Having spent a lot of time learning HTML and web-building on her Dad’s computer at the age of nine, Imafidon was an impatient learner at school. “I wasn’t like a terror, I was just all over the place, a class clown,” she says of her behaviour with teachers. “I was kind of winding them up, because I don’t sit still.”
By the age of 10, Imafidon’s school suggested a new approach: Putting her forward to take her GCSEs in ICT and maths — standard exams British pupils normally take at 16.
She passed and soon pressed on with her higher-education qualification, becoming the youngest girl in Britain to get an A-Level in computing. It helped earn her a place at the University of Oxford, aged 17.
“I’ve not got a babyface or anything like that so it wasn’t immediately obvious that I was a lot younger than everybody. So I kind of just tried to slide in under the radar,” she says of her time at university.

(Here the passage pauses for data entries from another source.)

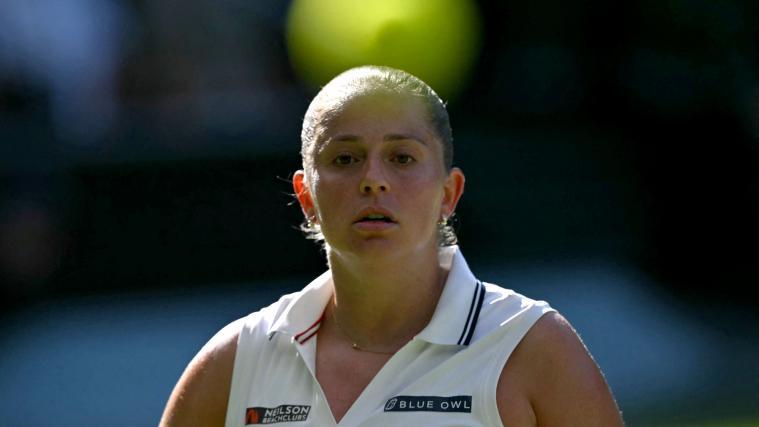 Jelena Ostapenko steht im Mittelpunkt. © APA/afp / GLYN KIRK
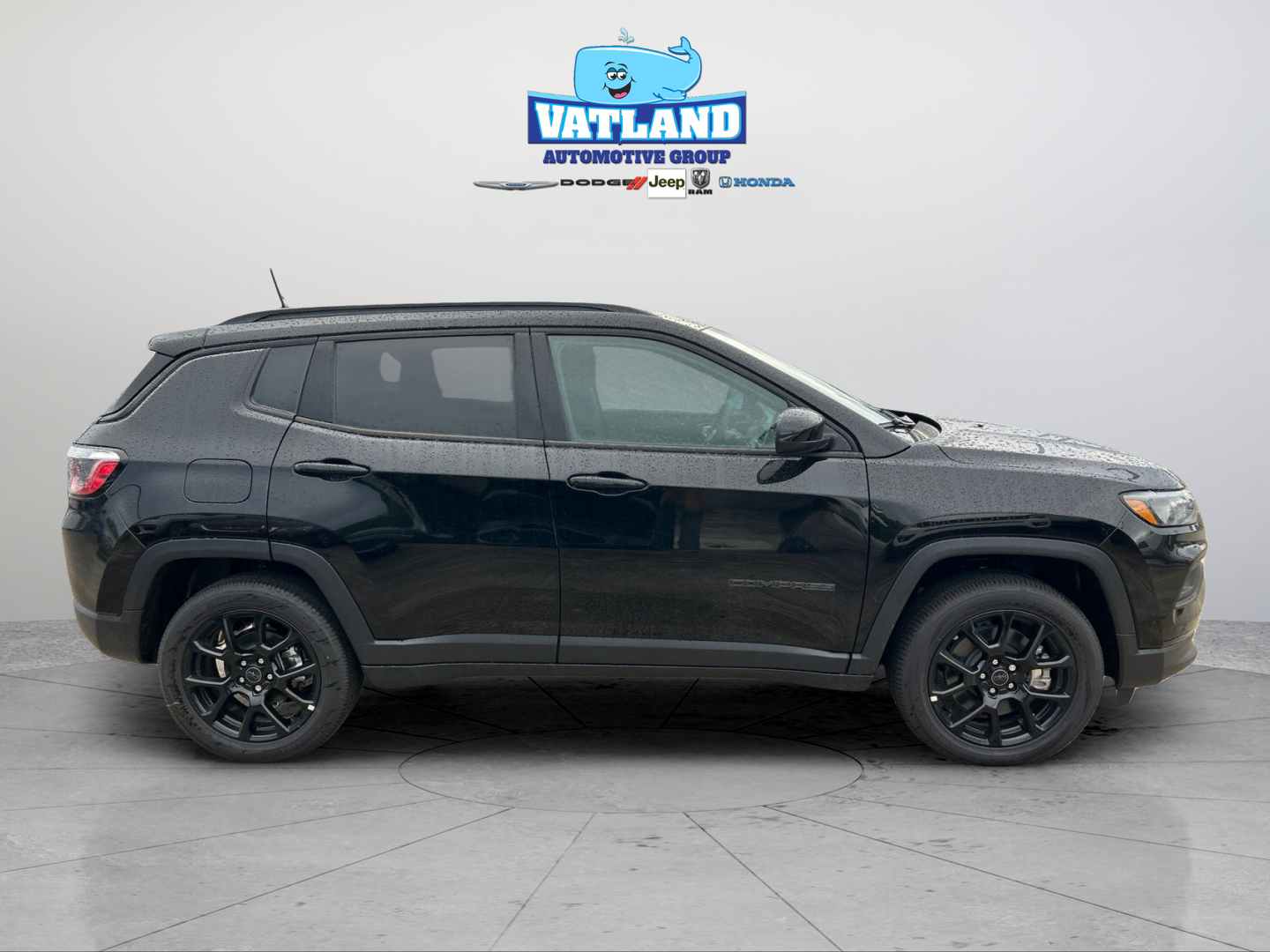 New 2026 Diamond Black Crystal Pearl-Coat Exterior Paint Jeep Latitude image 8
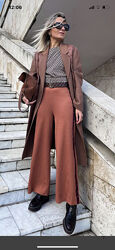 Женские брюки свбодного кроя, Италия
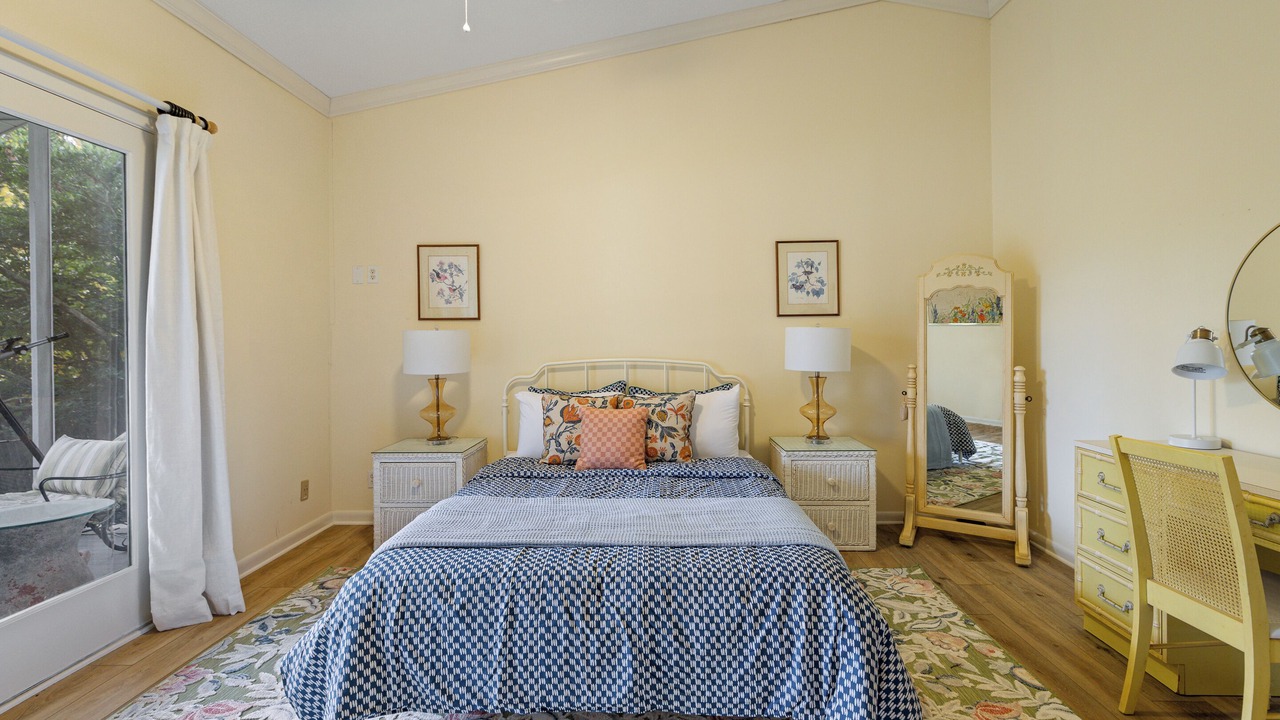 Photo of Bedroom in Acme
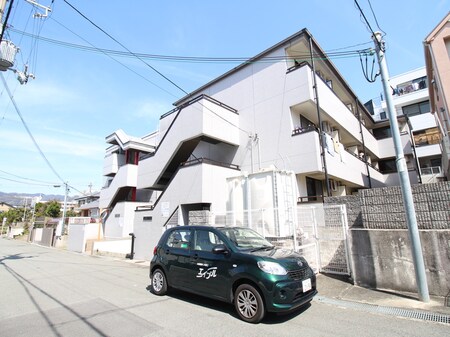 コムプラザⅡ外観写真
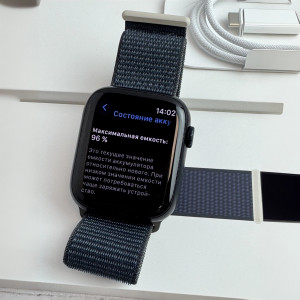 Apple Watch 9 45mm Midnight Sport Loop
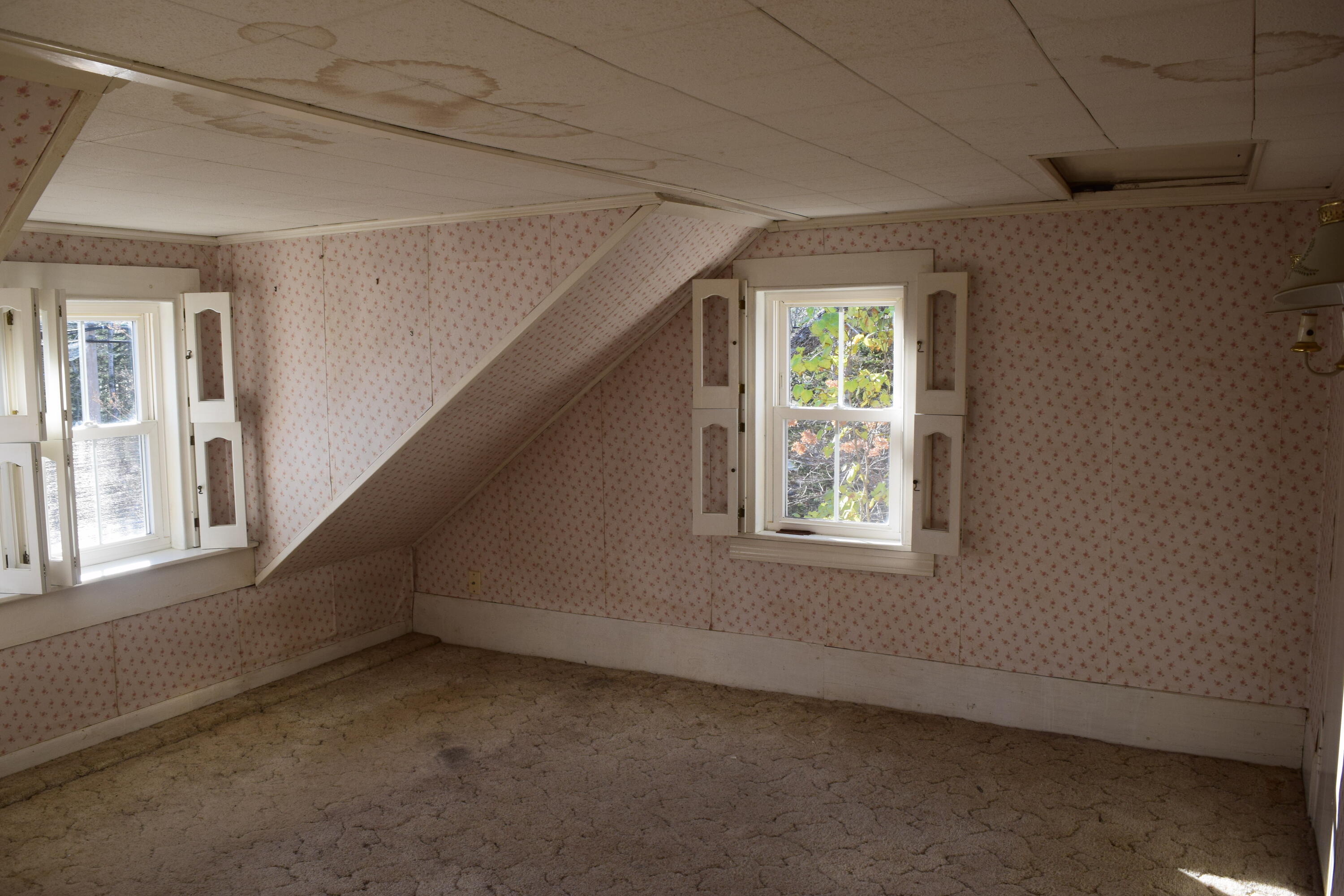 829 Surry Road Surry, ME 04684 - Photo 12 of 27 DSC_0668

After she got her masters at 20, Imafidon went on to work at firms like Deutsche Bank, Hewlett-Packard, and Goldman Sachs. For the past five years, however, her focus has been on diversity and getting girls into science, technology, engineering, and mathematics (STEM) careers through her company Stemettes.
Statistics from WISE— which is campaigning for gender equality in STEM — indicate that while there was a growing number of girls signing up for core STEM subjects in 2017, they still only represented 36.7% of entrants. In computing, only 10% of entrants were girls.
It’s a big problem to tackle for a company the size of Stemettes, which has just five part-time and freelance staff. Still, it packs a punch, having reached just under 40,000 young people with its events and workshops across the UK and Ireland.
Prince Harry and Meghan Markle have also shown an interest, taking part in a Stemettes event on International Women’s Day in May. They met children who were getting to grips with technology, including learning how to hack and code.
Fighting TV stereotypes
Imafidon believes the biggest barrier to entry for girls in tech is social expectations.
“The biggest barrier that we talk about is the social norm. It’s all the stereotypes, and all the ‘IT Crowd,’ ‘Big Bang Theory’ type things that are pervasive across our culture,” she said.
“Those kinds of things that we have, that then pervade into when decisions are being made by those young girls, so whether it’s what their teachers say to them, what their parents might say to them, what their peers say to them. And there’s nothing really that says the opposite.”
Stemettes works to counter these stereotypes through a mix of initiatives including mentoring, organising events, and getting girls into the industry for some first-hand experience. It recently sent five girls to Houston for the Grace Hopper Celebration of Women in Computing.
As well as getting girls in on the ground floor, Imafidon wants to see the industry change the way it treats the women already in its ranks.
“There’s definitely more we should be doing around how we recruit, how we promote, the language we use in performance reviews, the way that we run meetings — there’s so much that needs to be done in the industry to keep women in,” she says.
Hostility towards women in tech is often in the spotlight. One recent example was when Victoria’s Secret model and coder Lyndsey Scott was targeted by trolls who questioned her technical ability.
“I think that’s an extreme of it,” Imafidon says about the story. “It’s that social norm of, ‘technical women don’t even exist, so how dare you be a model who can code.’
“She’s not the first model ever to have coded, she’s not the first woman known for her beauty who’s pretty smart. Hedy Lamarr’s the other example we love to give, she was a massive Hollywood actress.”
Lamarr was an actress in the 1930s and 1940s, and she developed technology that could guide radio-controlled underwater missiles without being detected. That same technology now underpins wifi and Bluetooth.
Imafidon believes that if stories like Lamarr’s were better known, women working in technical fields wouldn’t come up against as much resistance.
True stories hold the key to inspiring women
She does think, however, that things are changing for the better, with female characters like Shuri from “Black Panther” introducing more narratives about smart women into popular culture. But great though Shuri is, she says the most important thing is to tell true stories.
20th Century Fox
Imafidon points to the film “Hidden Figures,” which tells the story of three black women who worked at NASA and helped put astronaut John Glenn into space.
“That’s more real. I guess it’s cool to know that Shuri can do that, but it’s even cooler to know that your teacher’s grandma probably helped stop the war by being a code-breaker at Bletchley,” she says.
Imafidon has also been labelled as an inspiration in her own right, and it’s why she’s deserving of a place among Business Insider’s coolest people in UK tech.